What is required: Without any pictures, copy the records below once more, exactly as they are.

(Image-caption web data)
......
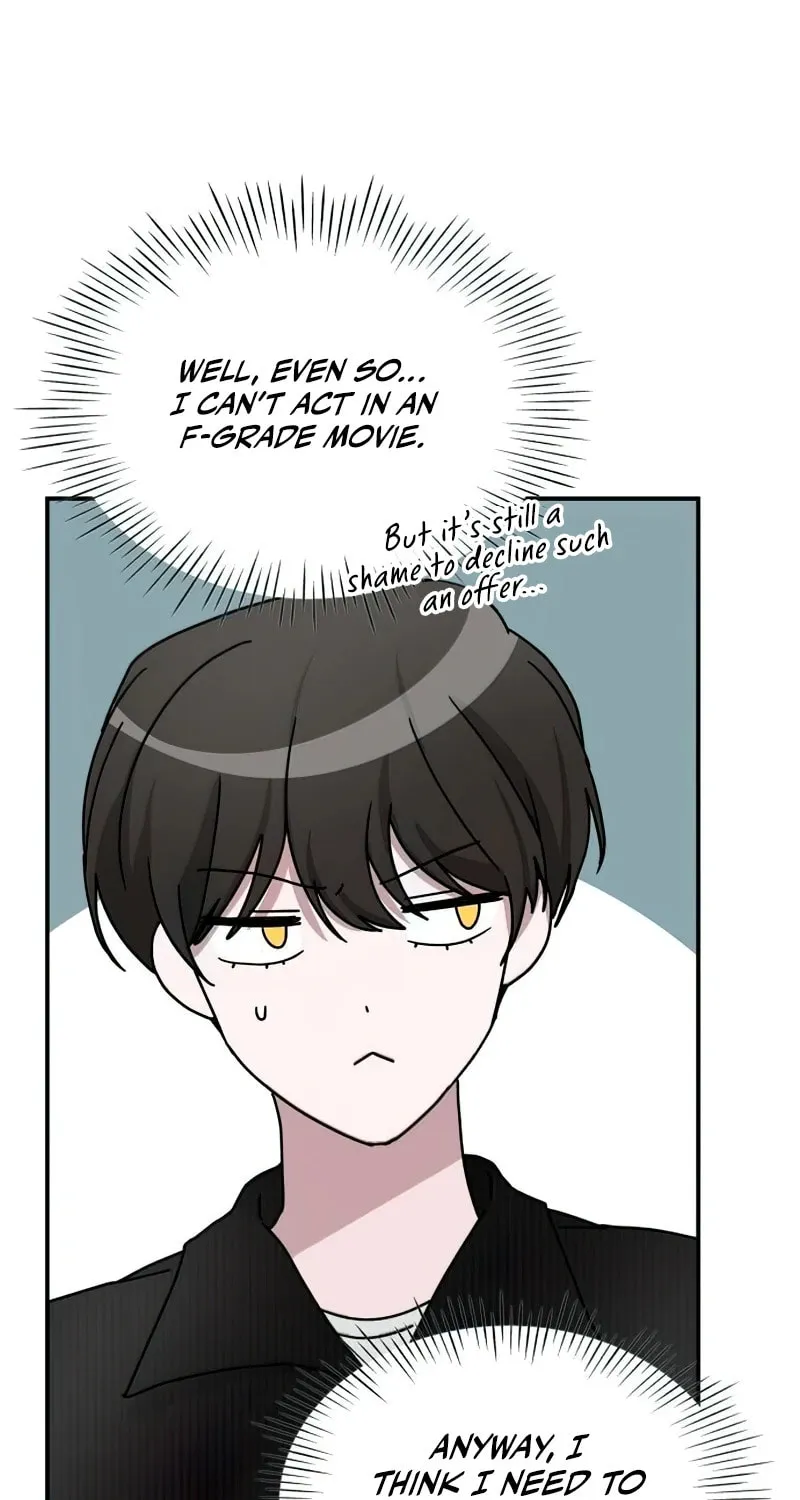 I Was Immediately Mistaken for a Monster Genius Actor Chapter 17 page 18 - 
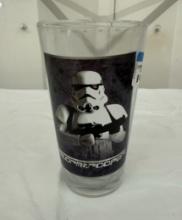 Star Wars Collectible Drinking Glass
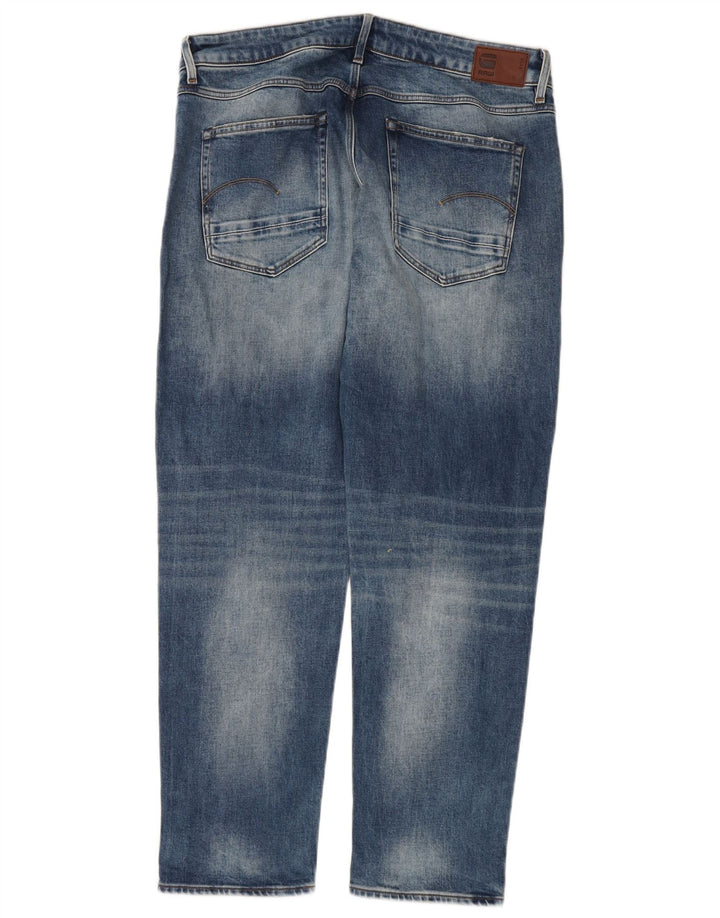 G-Star Jean Slim Kate W30 L32 Homme Bleu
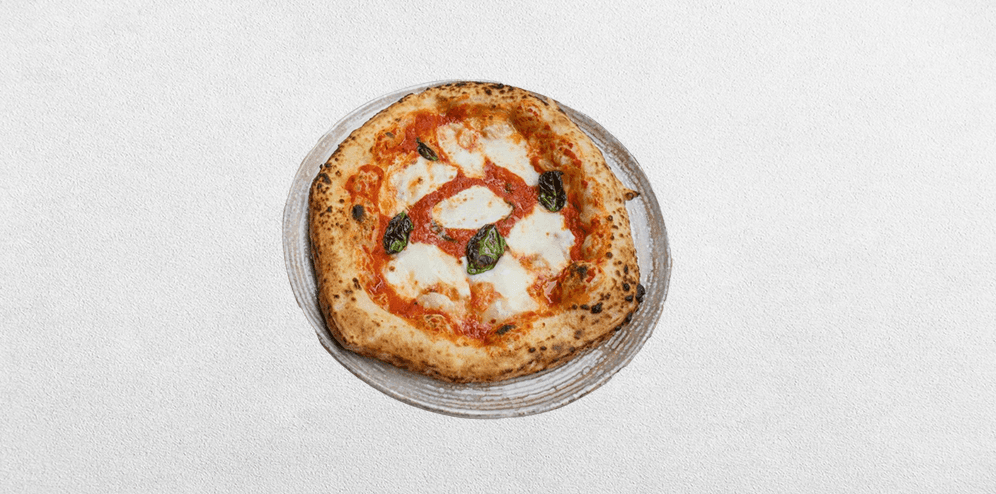 PIZZA MARGHERITA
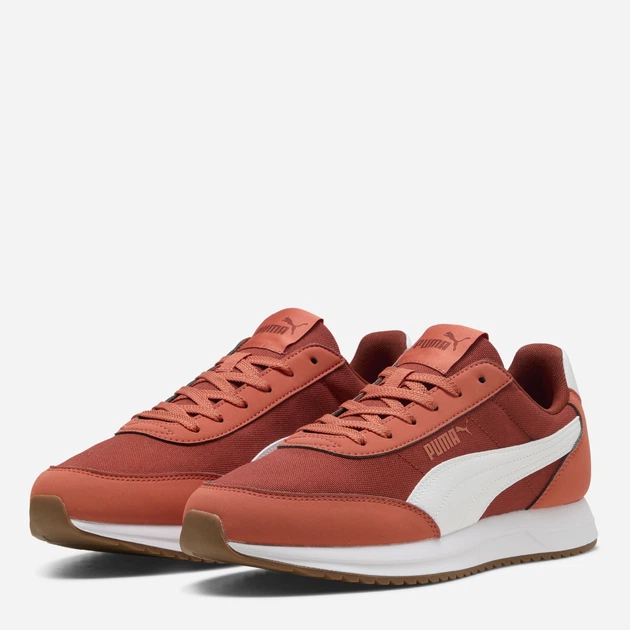 Чоловічі кросівки Puma R78 Lightwind 40026718 41 Червоні (4069161530692) - зображення 3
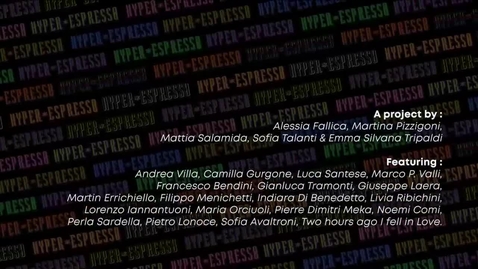 Thumbnail for Hyper*itivo | Hyper*Espresso Presentation - Nov 3rd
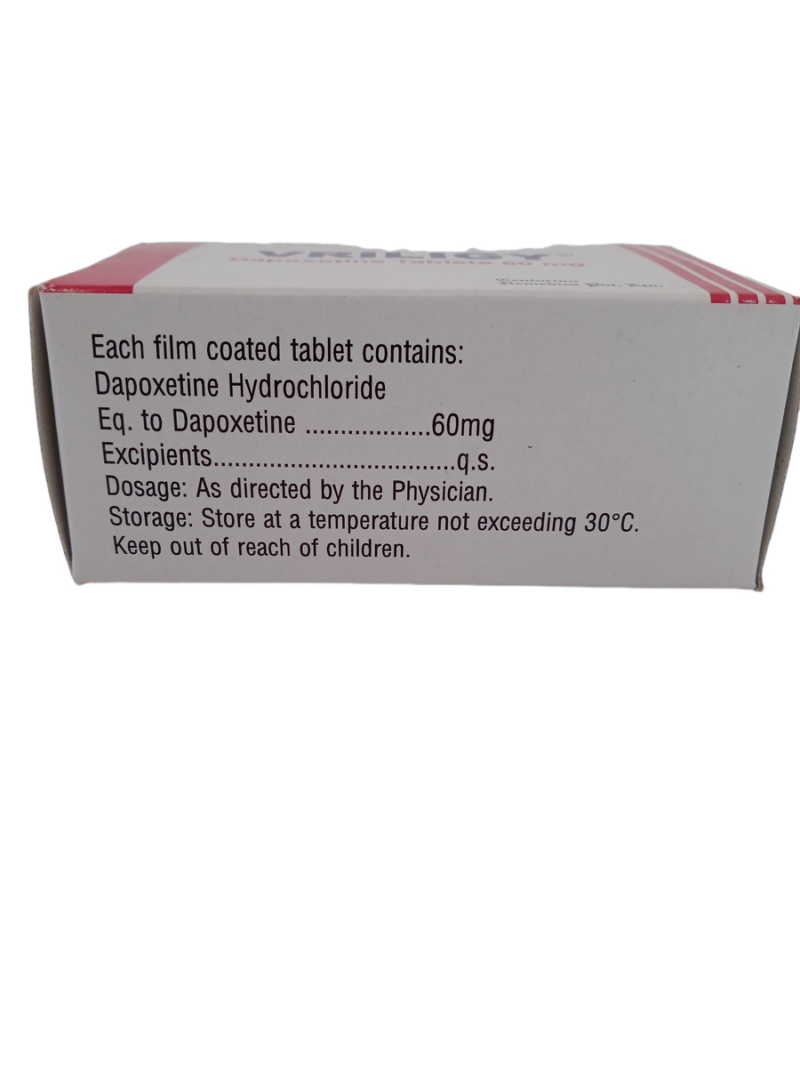 VRILIGY 60 MG - 10 TABLET - Image 4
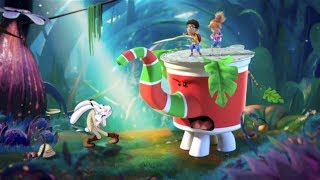 Trix Yogurt TV commercial 2013  quotElephant Cupquot Cloudy 2 Promo Spot [upl. by Ahsilam]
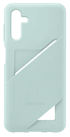 SAMSUNG Maskica Galaxy A04S s utorom za karticu, zelena
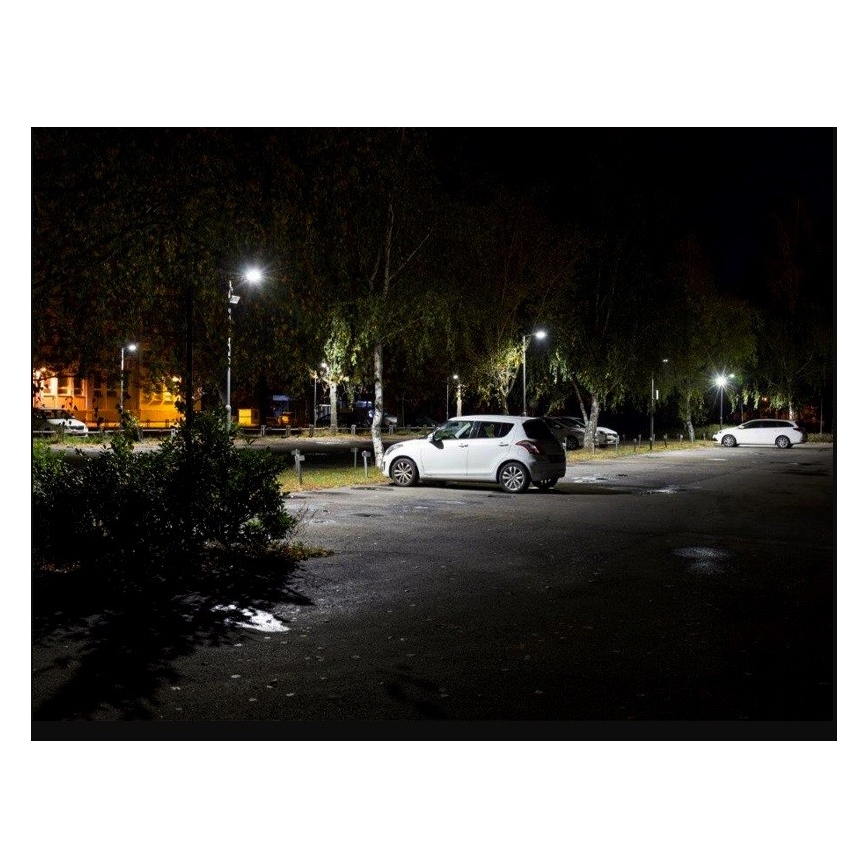 Sinclair - LED Buitenlamp LED/40W/230W 4000K IP65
......
Exercise answer:
 I Was Immediately Mistaken for a Monster Genius Actor Chapter 17 page 18 - 
 Star Wars Collectible Drinking Glass
 G-Star Jean Slim Kate W30 L32 Homme Bleu
 PIZZA MARGHERITA
 Чоловічі кросівки Puma R78 Lightwind 40026718 41 Червоні (4069161530692) - зображення 3
 Thumbnail for Hyper*itivo | Hyper*Espresso Presentation - Nov 3rd
 VRILIGY 60 MG - 10 TABLET - Image 4
 Trix Yogurt TV commercial 2013  quotElephant Cupquot Cloudy 2 Promo Spot [upl. by Ahsilam]
 SAMSUNG Maskica Galaxy A04S s utorom za karticu, zelena
 Sinclair - LED Buitenlamp LED/40W/230W 4000K IP65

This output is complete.